I love seeing @getify (Kyle) speak. His vocal curmudgeonlyness combined with his time exploring the nooks and crannies of he language make a great talk. I felt like the talk had lots of examples with coersion (which I still suspect might be aided by types, but when we talked about it later, imo it’s a matter of how you look at the evaluation, tomato tomahto) and more examples with generators, lots with the ‘finally’ keyword.
We Are All Game Programmers
Thought the talk was really cute, with lots of fun anecdotes (ex. a story music game where you explore to discover an album by play-through). The thesis of the talk is that the techniques used to make games super performant (how many people spend their lives crying over lag in games? lots, probably). Here were his three lessons shared from what game programmers do, even if you have no desire to ever make games:
1. Minimize + isolate state [pure functions!]
2. Enforce deterministic rendering (frames are independent)
3. Separate rendering and simulation
Intro to Purescript (slides)
This is one where I wish my laptop wasn’t charging in the speaker room. Michael mostly discussed syntax and then various features/implementation in the context of the language. It was also the post-lunch talk, so maybe that’s also a contributor to me having a harder time picking up on it. Try PureScript at try.purescript.org.
Short talks: Remote work from Mozilla, products for developers
I love hearing the sound of the remote working drum. Diane did some walkthrough myth busting about “no innovation” etc. that you hear about remote work. I feel like the biggest take-away was “Remote work more strongly reveals existing weaknesses.” The second short talk was kind of like developer user experience, but an interesting tidbit was that when making products for developers, your metrics are more difficult, bc your audience is more likely to have adblock turned on. Makes sense, but interesting challenge.
After that, I went for a walk outside and hid for about an hour to deal with the impending talk I was about to give. I also ate snacks.
As promised, slides:
It was really well received, and someone game up after (thanks really nice guy!) and told me it was his favorite presentation of the day.
Then I played a Jeopardy game with Diane and Kyle, winning the illustrious prize of an alarm clock.

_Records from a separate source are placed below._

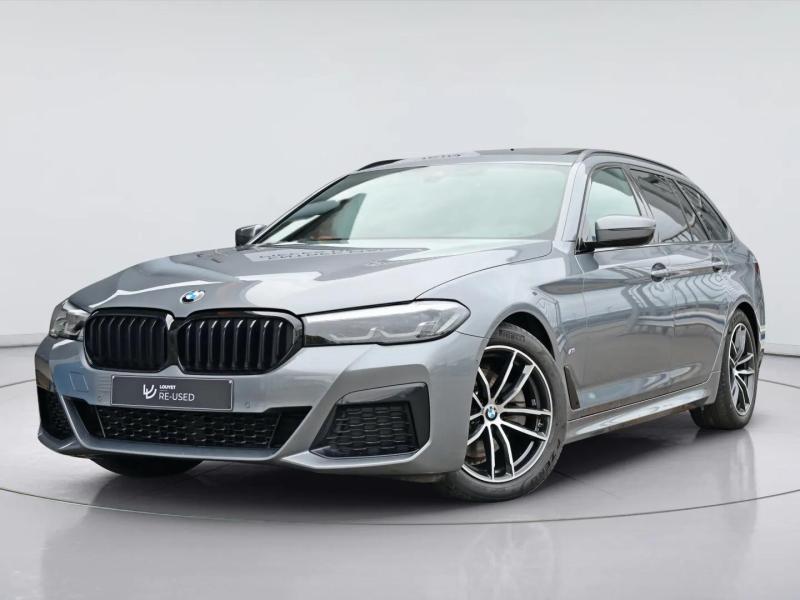 BMW Série 5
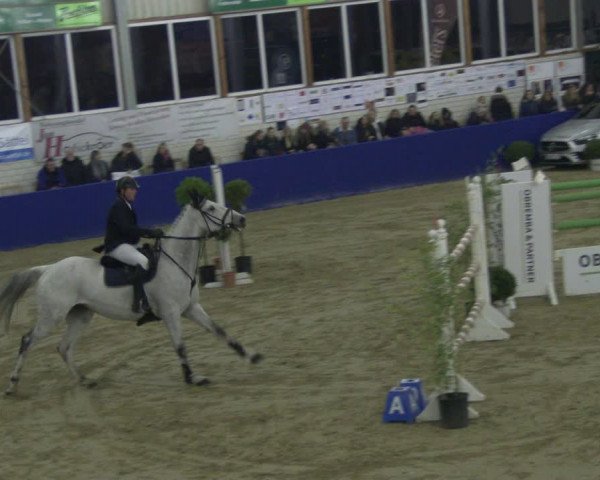 Reitturnier Isterberg 2019
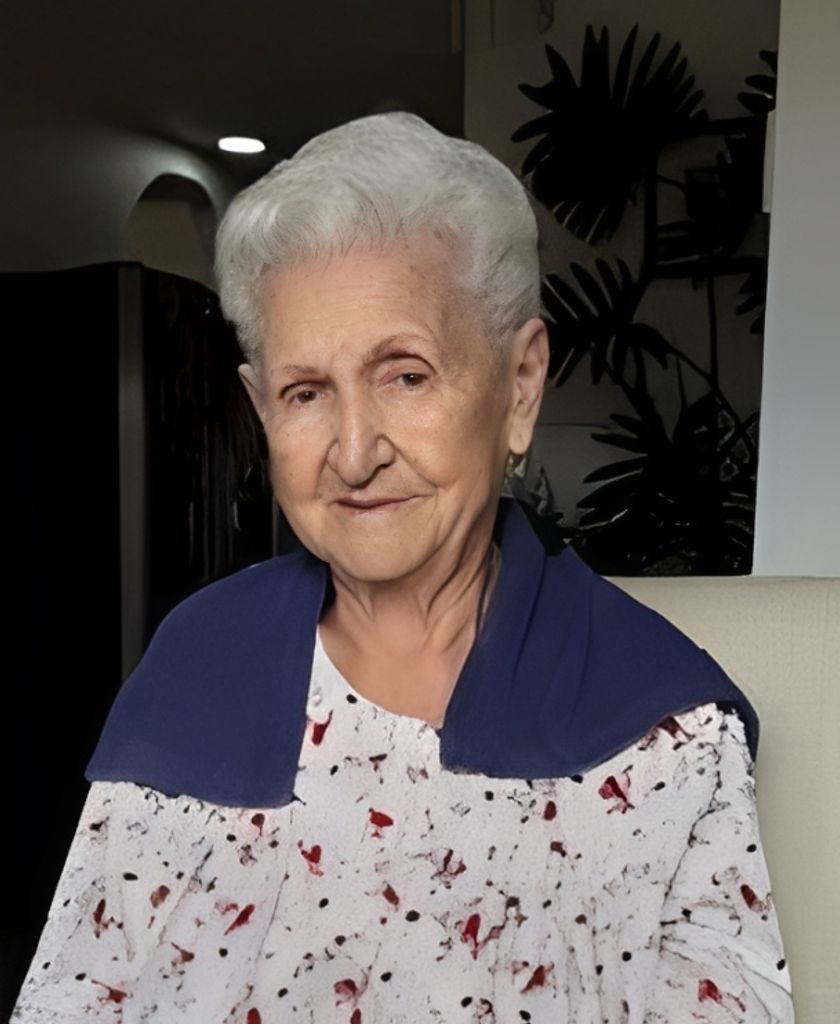 Edith Abrego Profile Photo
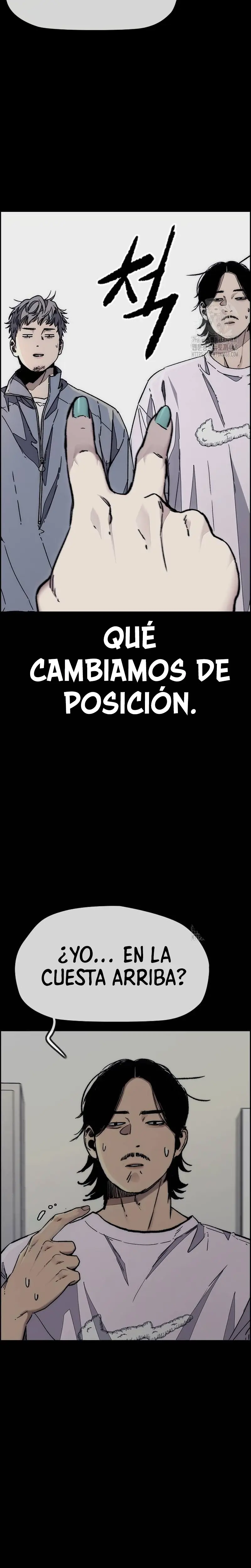 Read Wind Breaker (es) Manga Online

The illustrious prize from yesterday's Jeopardy at @forwardJS. Still a little jealous that Diane won the fish. pic.twitter.com/6MCK3v2Jmt
— Pam Selle (@pamasaur) February 5, 2015
5 stars, would recommend the conf both as an attendee and a speaker 🙂
P.S. … definitely tweeted the picture just for this post. “the fish” was a chocolate fish. So absurd and wonderful.
2 Replies to “Lessons from Forward2 + talk slides”
Your talk was very good. It was a bit hard to take notes because you went very fast. The density of information and the thought that went into the talk was big. I enjoyed it, and bought the book. Thanks.
Thanks, Martin! Yes, I went very fast! I’ve previously given that talk in an hour slot, and was amazed I was able to finish when I realized in the AM that it was not a 45 minute, but a 30 minute, slot. Thanks for buying the book, hope you enjoy!